You draw your prey in, promising to make the day sweeter,
Then cheat them out of their money, with the tampered meter!
Preaching through portraits of fables and holy messages,
Bad drawings of Rajnikanth and other Bollywood sages!
You fearlessly roam the city streets like a giant toad,
You truly deserve the title of THE KING OF THE ROAD!
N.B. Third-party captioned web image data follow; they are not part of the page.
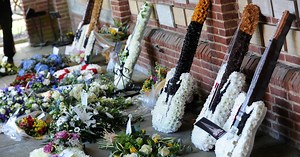 Status Quo bandmates and family gather for Rick Parfitt's funeral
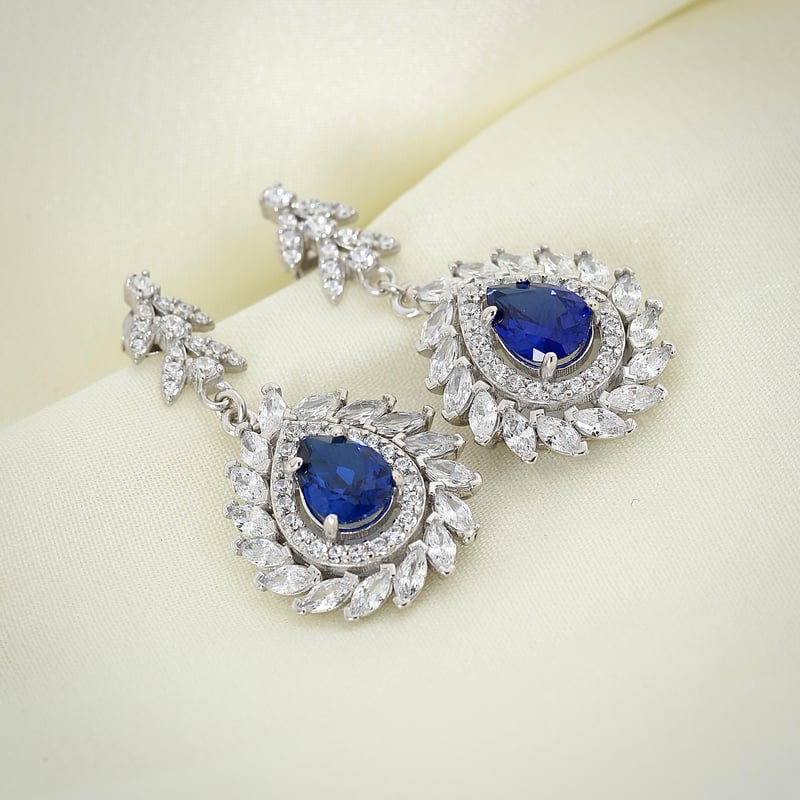 Effective Diamond Sentetik Sentetik Safir Markiz Serenatı Gümüş Küpe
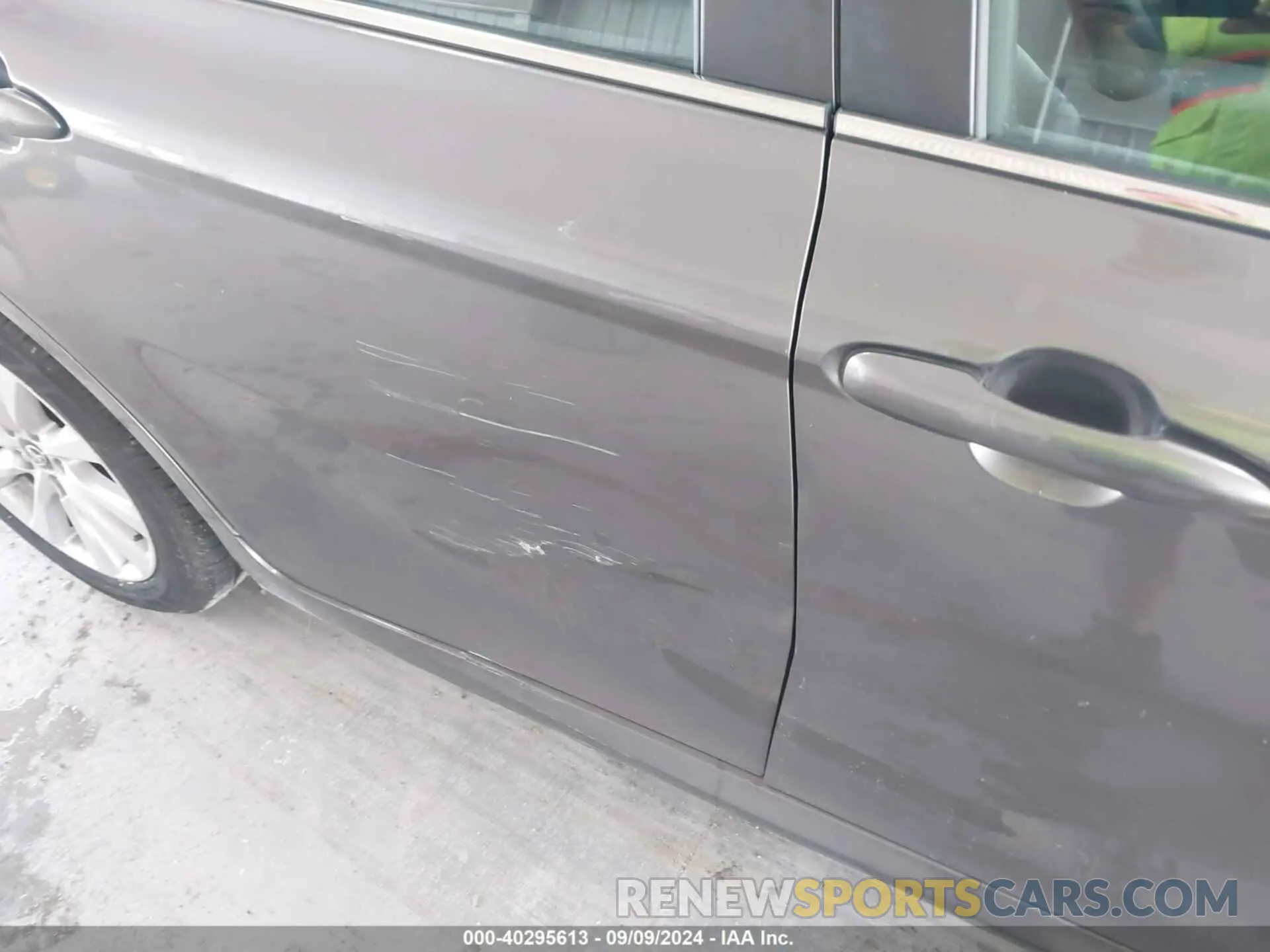 12 Photograph of a damaged car 4T1B11HK4KU184223 TOYOTA CAMRY 2019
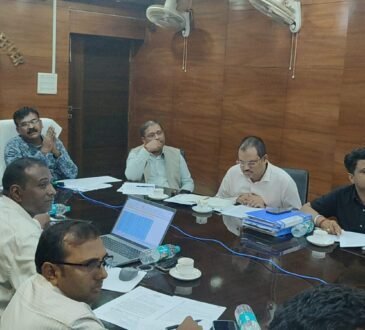 झारखंड के मुख्य निर्वाचन पदाधिकारी के. रवि कुमार ने वीडियो कॉन्फ्रेंसिंग के जरिए SIR-2026 के तहत मतदाता सूची पुनरीक्षण, फॉर्म-6 डिजिटाइजेशन और लंबित मामलों की सुनवाई की समीक्षा की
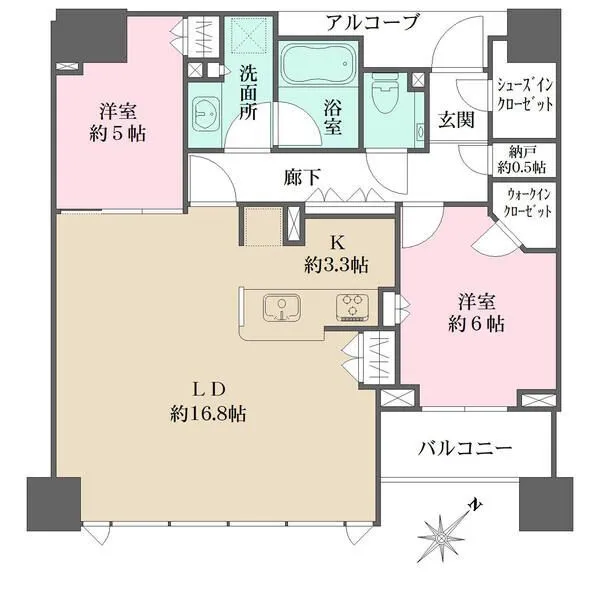 スカイフォレストレジデンス 20帖超の広々LDK。陽当たり良好な空間で、ご家族がゆったりくつろげます。
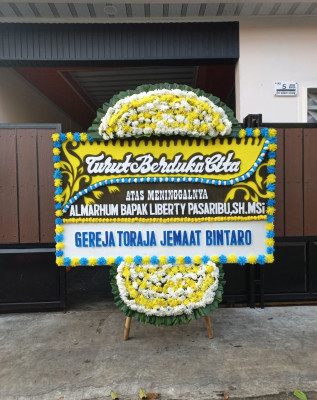 Papan Bunga Duka di Kepulauan Romang
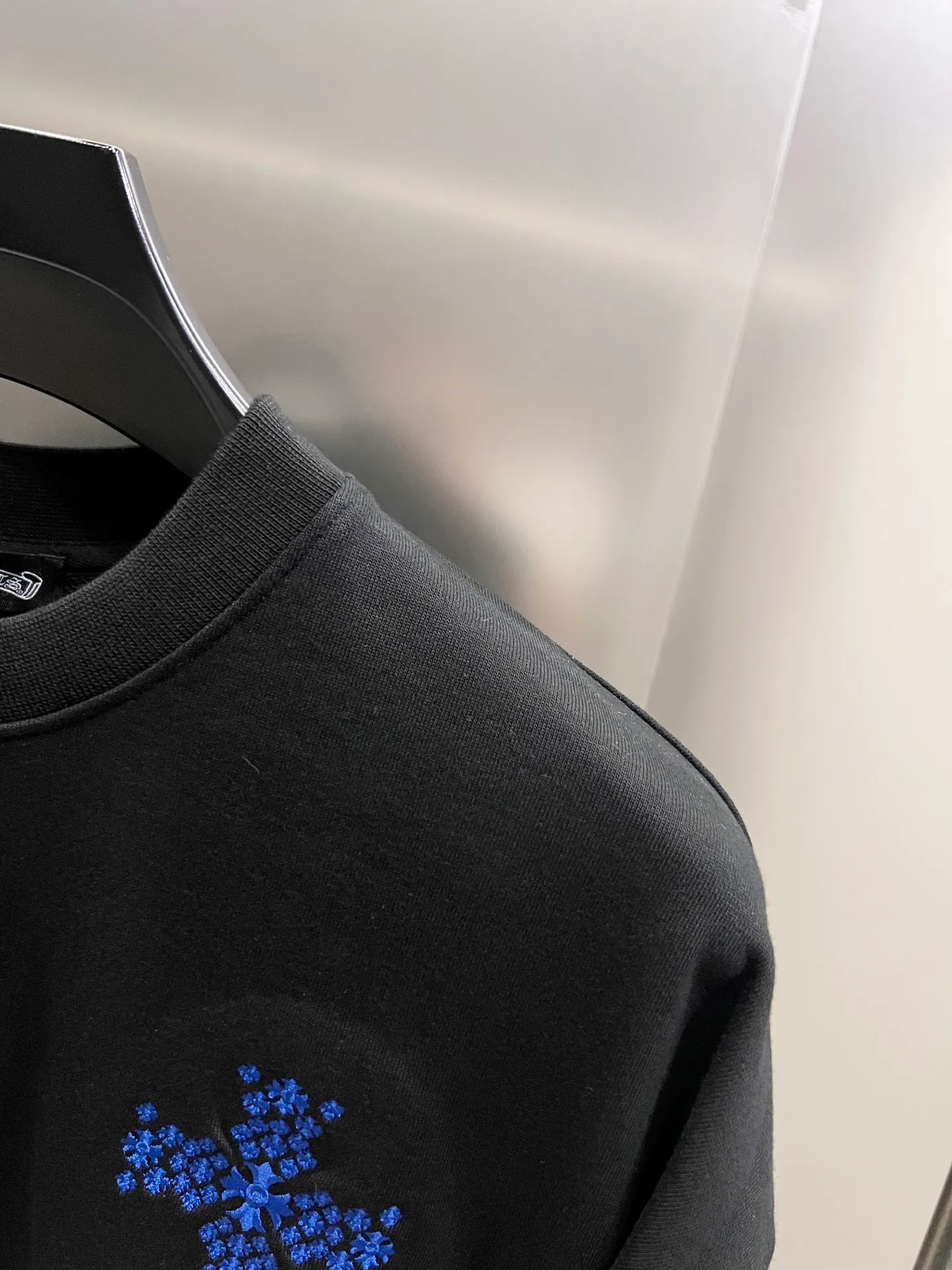 🅿️290 CH Crow 2025 autumn and winter new round neck long-sleeved sweatshirt, horseshoe Sanskrit letters + cross three-dimensional embroidery process, the real thing is great🔥Same style for men and women, loose version, size S M L XL XXL five sizes black white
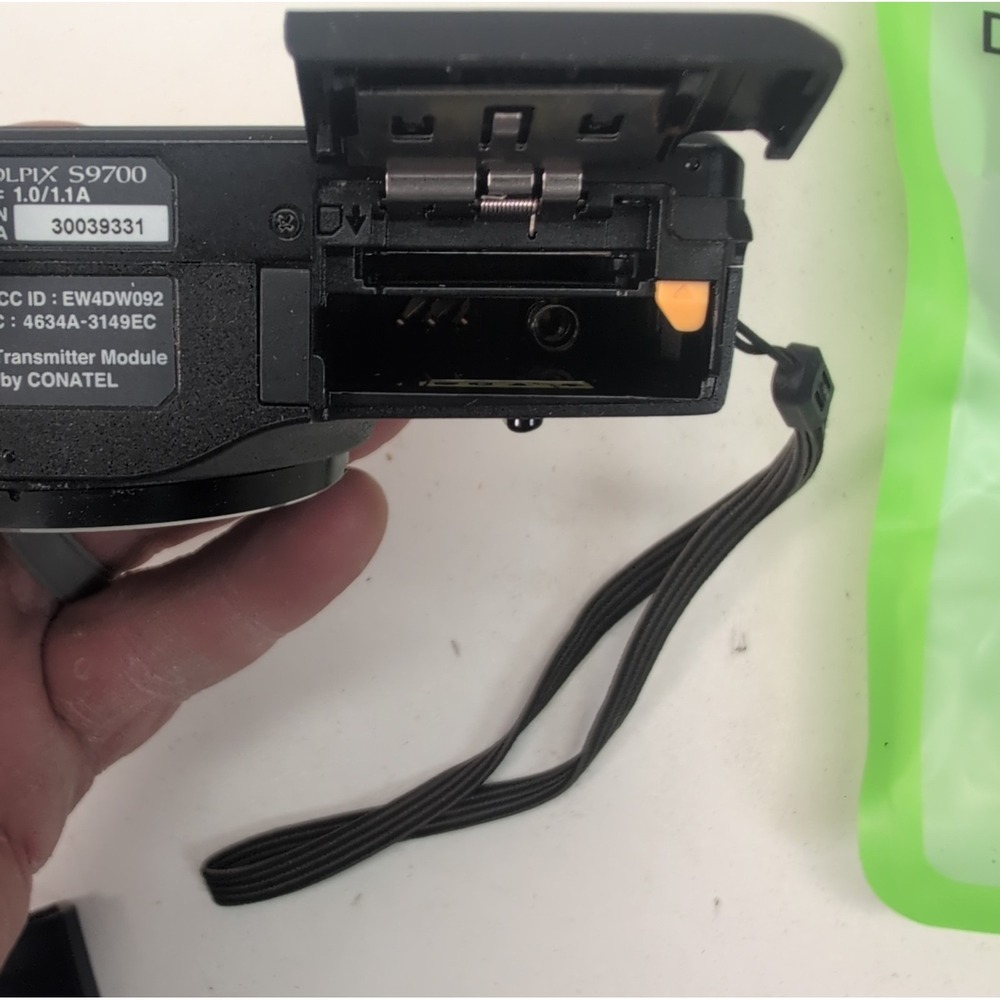 Nikon COOLPIX S9700 16MP 30x Zoom Digital Camera Bundle Batteries Charger - Picture 7 of 14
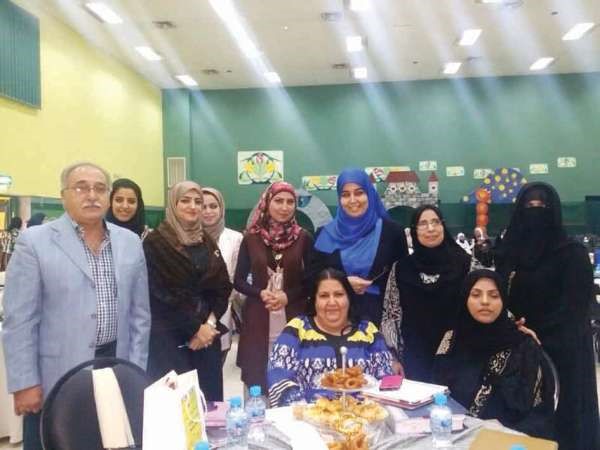 الموجهة الاولى اعتدال البحر والموجهة فاطمة الجدي ورئيستا القسم حصة الكندري وتهاني العنزي مع فريق العمل محمد فواز ومنى محمد وميمي جميل ومايسة وهدان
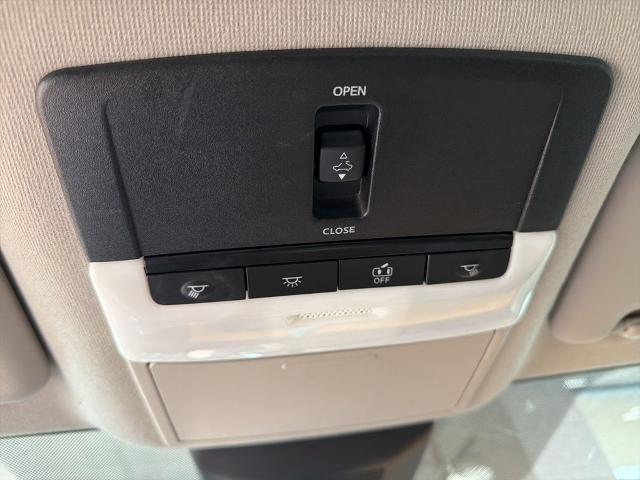 2023 Nissan Sentra SV Xtronic CVT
Poem II (Poet: Tom Fenwick)
You hot, perspiring human horse,
I marvel at your bliss.
Are you sad or glad to force
Your bread from men like this?
To grunt and run and pant and sweat
Beneath a burning sun
Your plantain plate of rice to get
When all the sunnings done.
For it’s “Chop-chop” up in China,
And it’s “lekas” in Malay.
While it’s “Juldi Jao” in India,
The burning livelong day.
You grunt and run and pant and pull
To reap your rich rewards;
Your blessings are as bountiful
As strings on monochords.
When I came East I could not ride;
It seemed all wrong to me
I walked, and let them all deride
The cause with “jeu d’esprit.”
But custom is a cunning past;
E’en princess she will beat.
And now you pull me with the rest
Along the dusty street.
And it’s “Chop-chop” up in China,
While it’s “lekas” in Malay.
And it’s “Juldi Jao” in India,
The burning livelong day.
I often wonder when you die,
And leave that sweated shell,
If you will ride, beyond the sky,
Or drag one still in hell!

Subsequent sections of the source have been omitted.